With a namesake nod to a Renaissance painting by a famous artist-scientist, a major new equipment grant to Hope College will enable a new generation of student researchers to engage in cutting-edge investigations themselves.

Hope is the lead institution of a nine-school consortium that is sharing $1.2 million from the National Science Foundation (NSF) - of which Hope gets $203,894--to build a new "Large-area multi-Institutional Scintillator Array" (LISA), a neutron detector that will be used in the study of exotic nuclei.  The instrument will be housed at the National Superconducting Cyclotron Laboratory (NSCL) at Michigan State University, a facility that already hosts another neutron detector developed through a consortium that also includes Hope and was supported by a previous NSF grant.

That earlier detector is known as "MoNA," for Modular Neutron Array.  Thus the pair of instruments together will become, pun intended, MoNA-LISA, sharing in combination the name of Leonardo DaVinci's best-known painting.

It's an appropriate linkage, given that DaVinci was an inventor and researcher as well as an artist, since LISA will be - as MoNA has been - used by undergraduate students participating in original research projects that lead to new discoveries, according to Dr. Paul DeYoung, who is the Kenneth G. Herrick Professor of Physics and chairperson of the department at Hope.
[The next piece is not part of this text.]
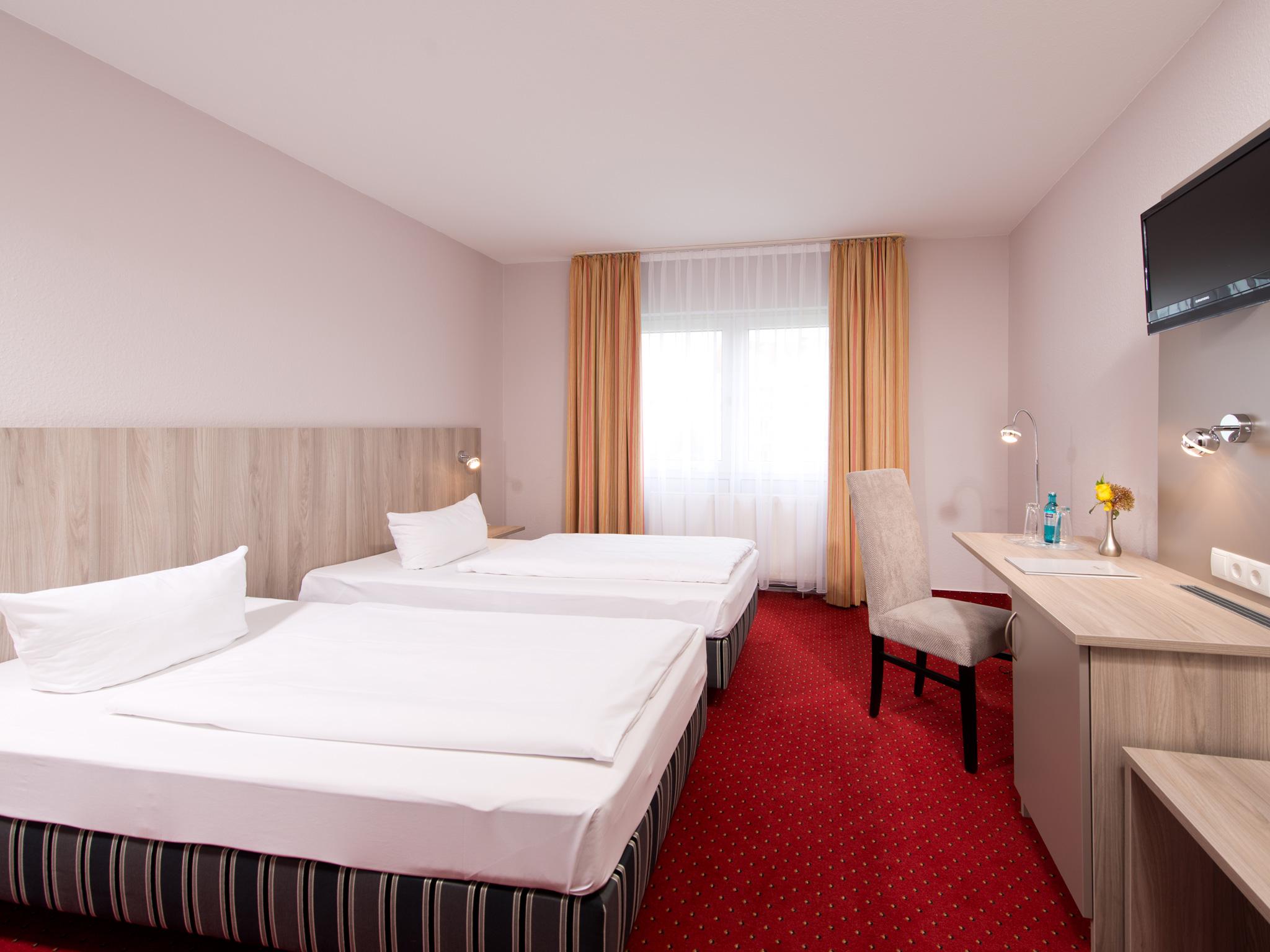 Achat Hotel Frankenthal In Der Pfalz Экстерьер фото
DeYoung noted that the new instrument reflects and will help continue the college's decades-long practice of involving students in ground-breaking science - with students not simply parroting others' work as an exercise, but instead making true discoveries.
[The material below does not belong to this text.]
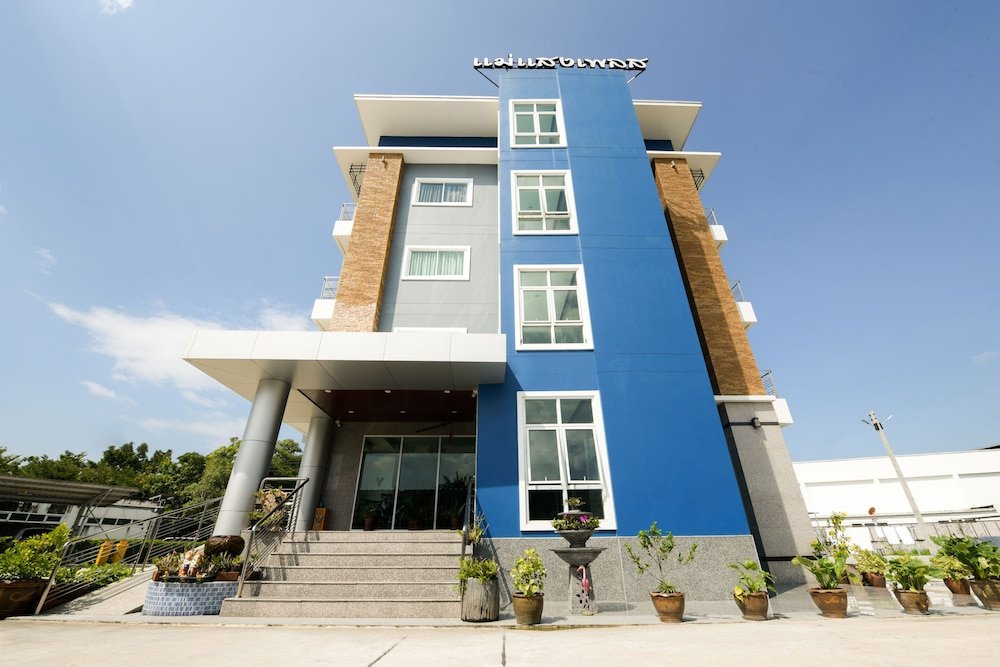 Сирача: Mae Saeng Place by OYO Rooms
Undergraduates at each of the nine participating institutions will first help construct the components of the new array, which will then be shipped to MichiganStateUniversity for assembly and made operational by the fall of 2010.
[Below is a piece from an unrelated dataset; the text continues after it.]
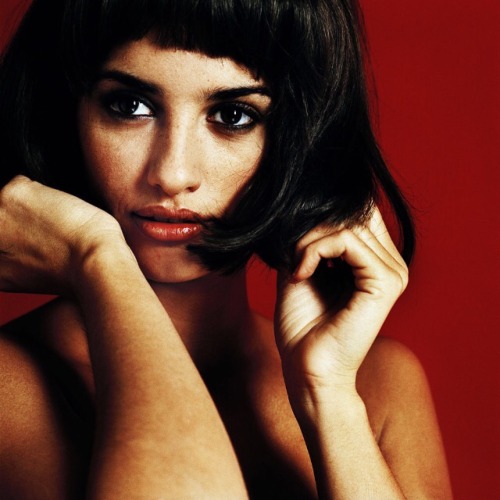 m-a-d-o-n-n-a:  penelope cruz by joan tomas, 1997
Highly-precise, LISA will measure unstable, neutron-rich, light nuclei, which have designations like "Lithium 13" and "Oxygen 24."

"These things don't hang around very long," DeYoung said.  "They last about one billionth of a billionth of a second."

"Within the field of science, the research will lead to a better understanding of events like supernova and the creation of heavy elements during such explosions," he said.

DeYoung anticipates that MoNA and LISA will become even more important in the next six to 10 years, when the major new federally funded "Facility for Rare Isotope Beams" (FRIB) is likely to be completed.  "The combination of MoNA and LISA could be a day-one neutron-detection device for use with FRIB," he said.

The undergraduates who will be working with MoNA and LISA in the meantime, he noted, will themselves be a potential resource for making the most of FRIB.  "The students working on this now will be finishing their Ph.D.s and becoming part of the scientific work force just as FRIB comes on-line," he said.

The NSF grant for LISA has been funded through the federal economic stimulus package, the "American Recovery and Reinvestment Act" (ARRA) of 2009.  In addition to Hope, the schools participating in the LISA consortium are Central Michigan University, Concordia College, Gettysburg College, Indiana University South Bend, Ohio Wesleyan, Rhodes College, Wabash College and Westmont College.